[What to produce]: The data that follows is to be copied exactly, with each image removed.

[Available data]:
•••
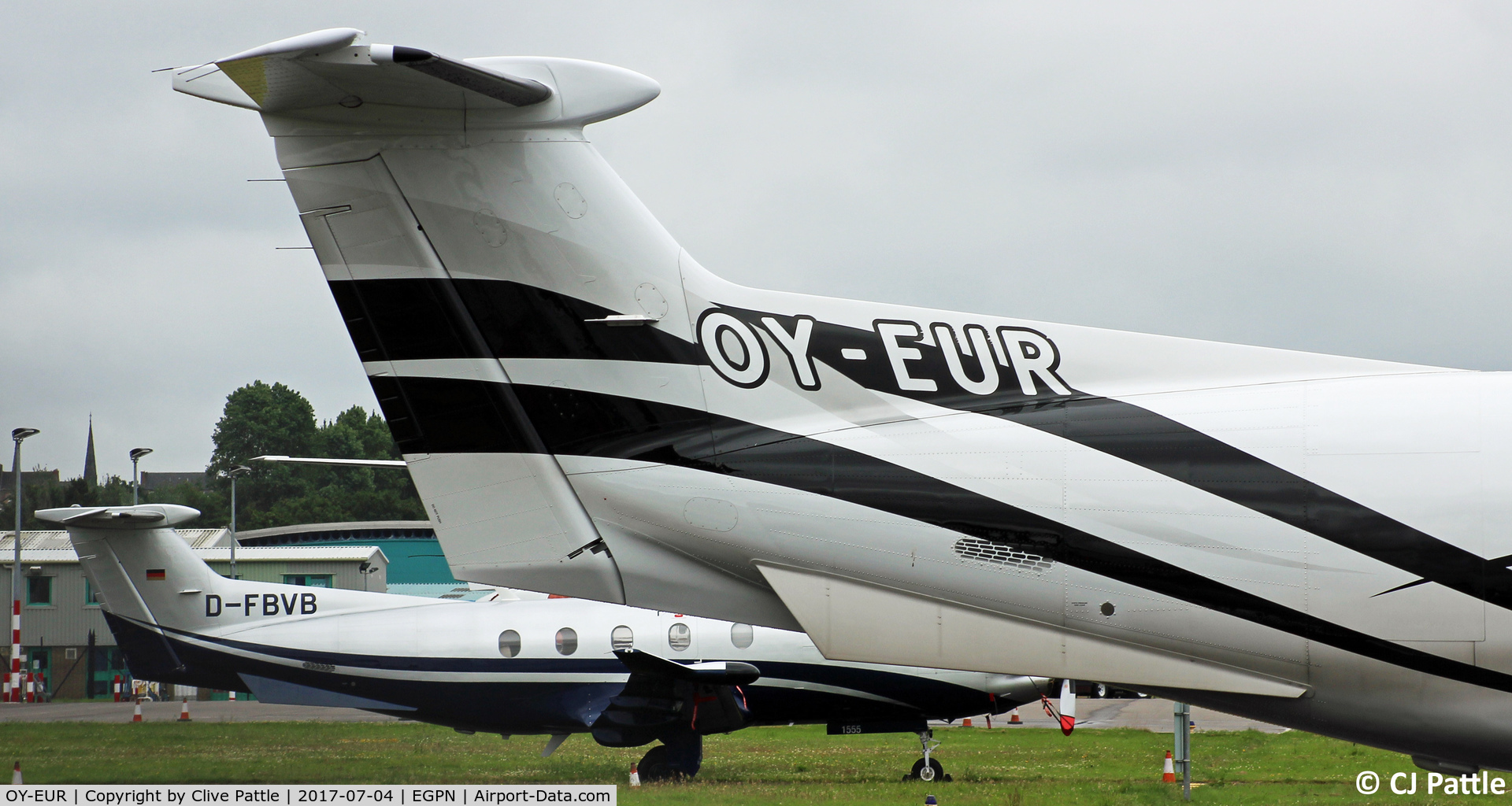 OY-EUR, 2014 Pilatus PC-12/47E C/N 1479, Up close at Dundee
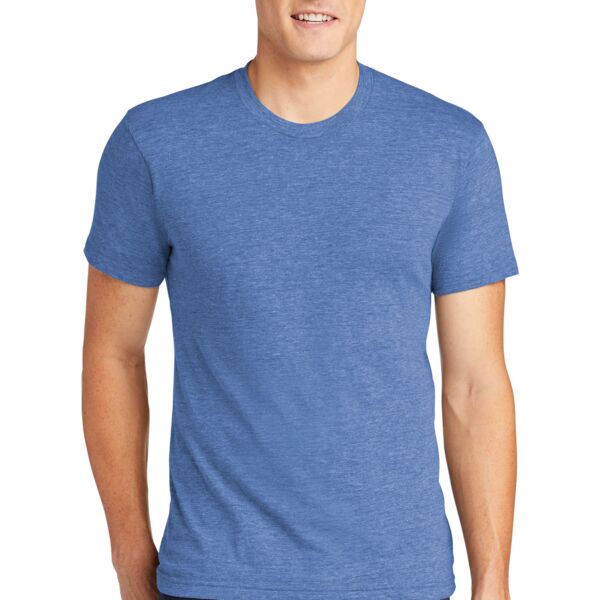 Tri Blend Short Sleeve Track T Shirt Thumbnail
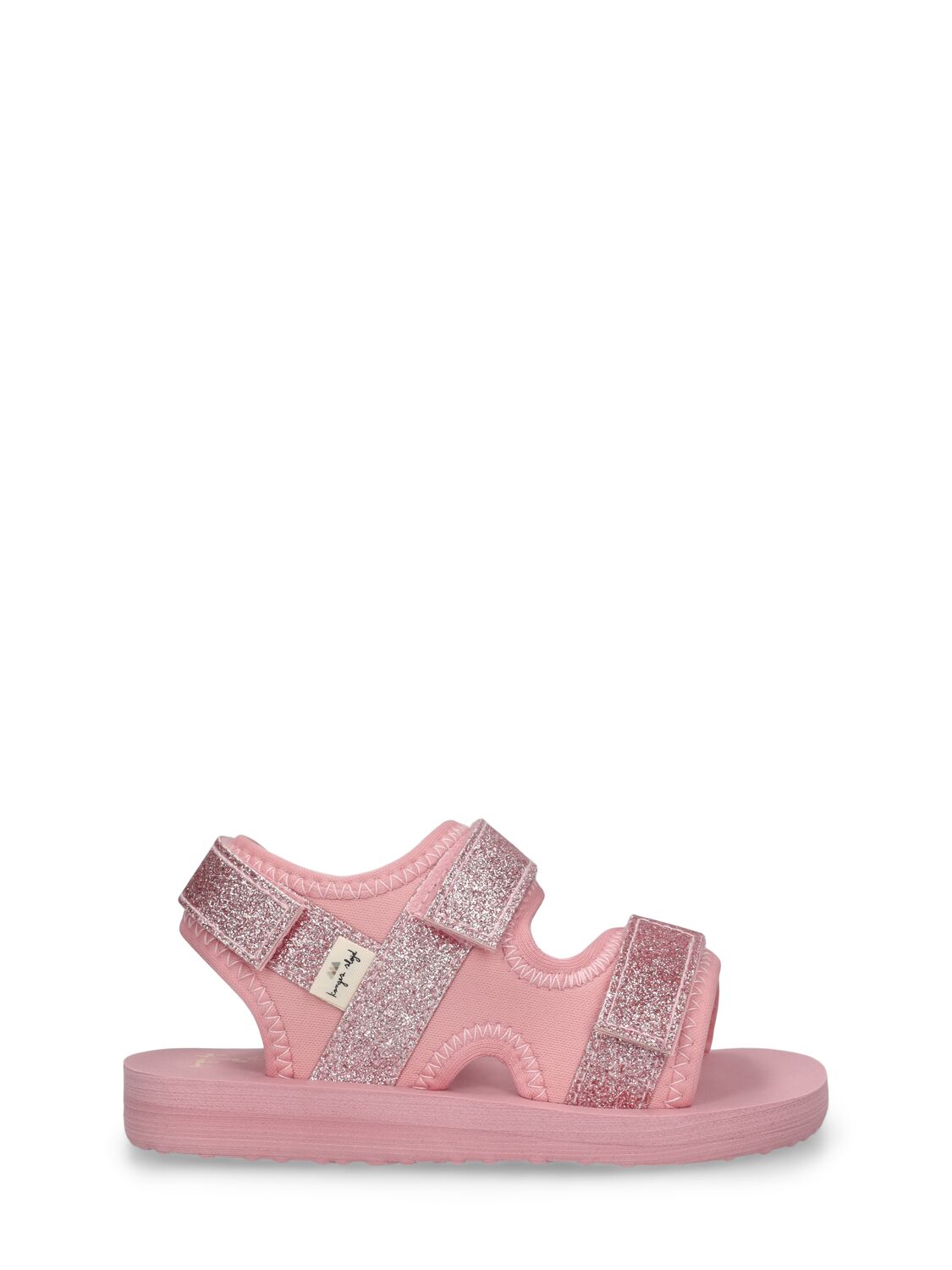 Glittered Rubber Sandals W/Straps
•••
[Written response]:
 OY-EUR, 2014 Pilatus PC-12/47E C/N 1479, Up close at Dundee
 Tri Blend Short Sleeve Track T Shirt Thumbnail
 Glittered Rubber Sandals W/Straps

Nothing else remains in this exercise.